If someone introduces a counterexample that they believe is comparable, calling "whataboutism" doesn't refute anything.
It's a move to exclude the information, and ultimately to stop discussion. What, after all, can one say in response? It isn't an argument—it's a label that is intended to stigmatize. This verbal trick is so empty that it's surprising it has currency among smart people. I think it's because the word itself is so catchy.
When someone brings up information isn't in fact comparable or relevant, the reasonable thing to do is to explain why it isn't, and give the other person a chance to respond. It's natural for people to disagree about what's relevant in an argument—that's part of having a disagreement in the first place. Trying to close off discussion so only your side's examples count as admissible isn't good discourse. Being first to raise a topic doesn't confer power to control the conversation.

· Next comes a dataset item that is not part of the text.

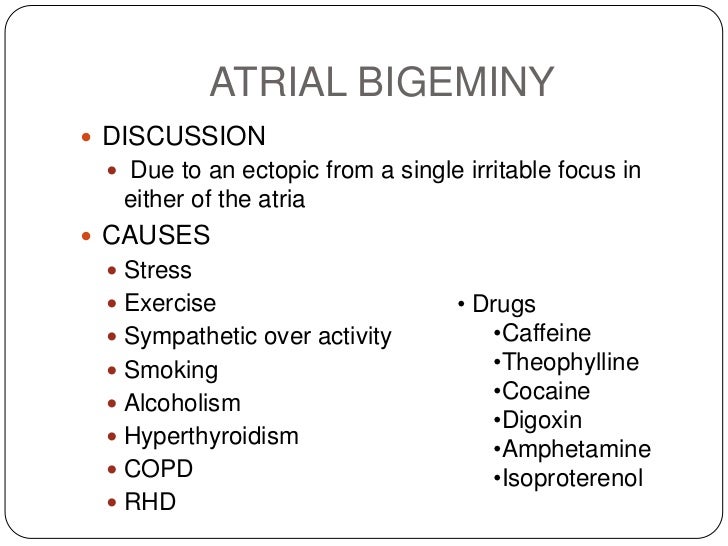 ECG: Atrial Bigeminy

Perhaps the more helpful broader point, though, is that all these canned arguments are repetitive and therefore low-quality. They're like slapping a sticker on something rather than engaging with it. Because of that, they make threads worse and more predictable. People tend to respond badly and strike back, rather than continuing in good faith—and it's easy to see why, because labels like "whataboutism" express dismissiveness.
If you are defending the biggest asshole of them all, you kind of are. China is like a zen buddhist temple compared to the shitstorm US has brought to this planet.

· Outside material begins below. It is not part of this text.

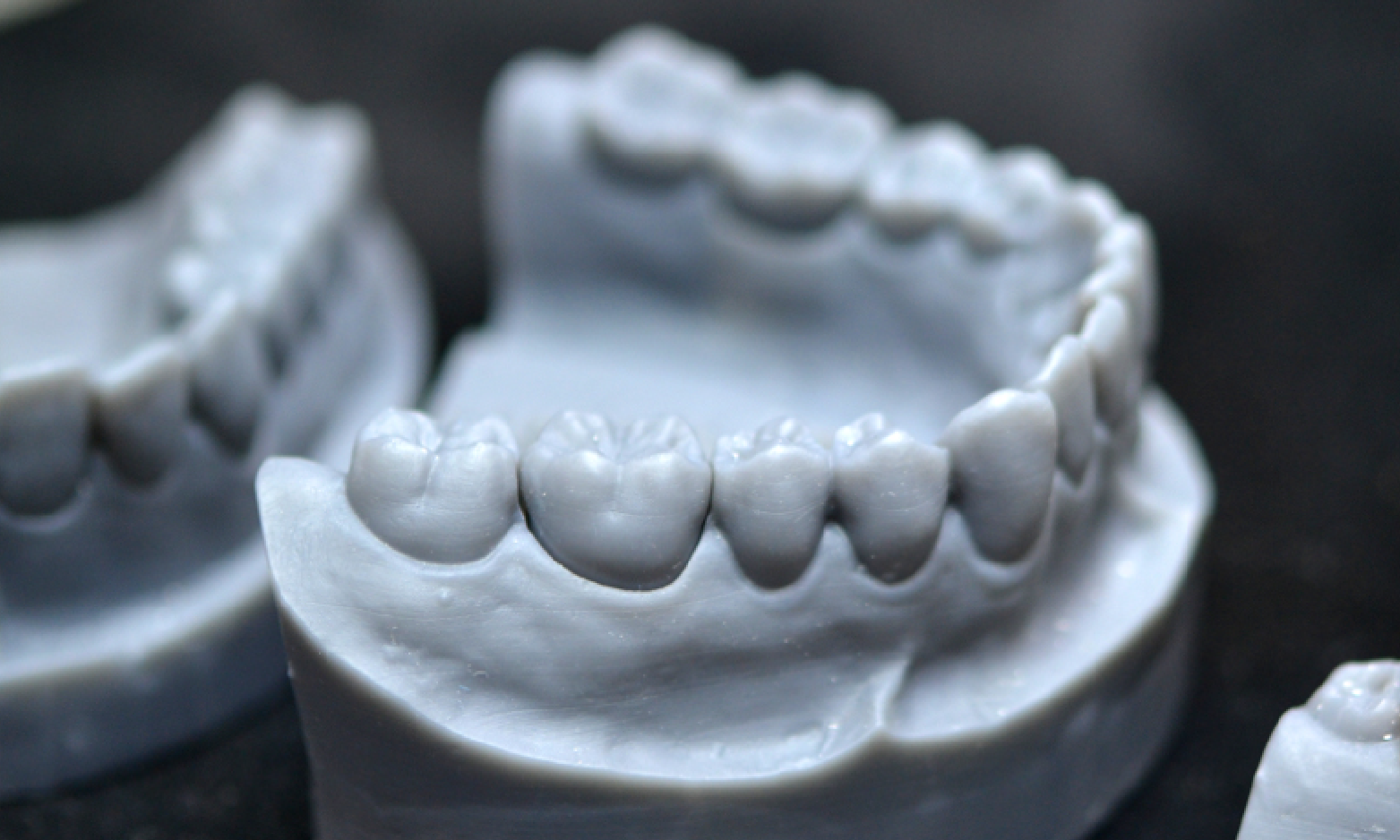 substituicao-de-modelo-de-gesso-por-escaneamento-intraoral-e-impressao-3d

>Roald Dahl was assigned to work with Drew Pearson, one of America's most influential journalist as the time. "Dahl described his main function with BSC as that of trying to 'oil the wheels' that often ground imperfectly between the British and American war efforts. Much of this involved dealing with journalists, something at which he was already skilled. His chief contact was the mustachioed political gossip columnist Drew Pearson, whose column, Washington Merry-Go-Round, was widely regarded as the most important of its kind in the United States."
Whataboutism is bad when it's responding to a statement that "X is bad".
But it is the exact correct response to a statement that "X is uniquely bad". People like you forget this obvious distinction and just use it as a general insult to shut down conversation.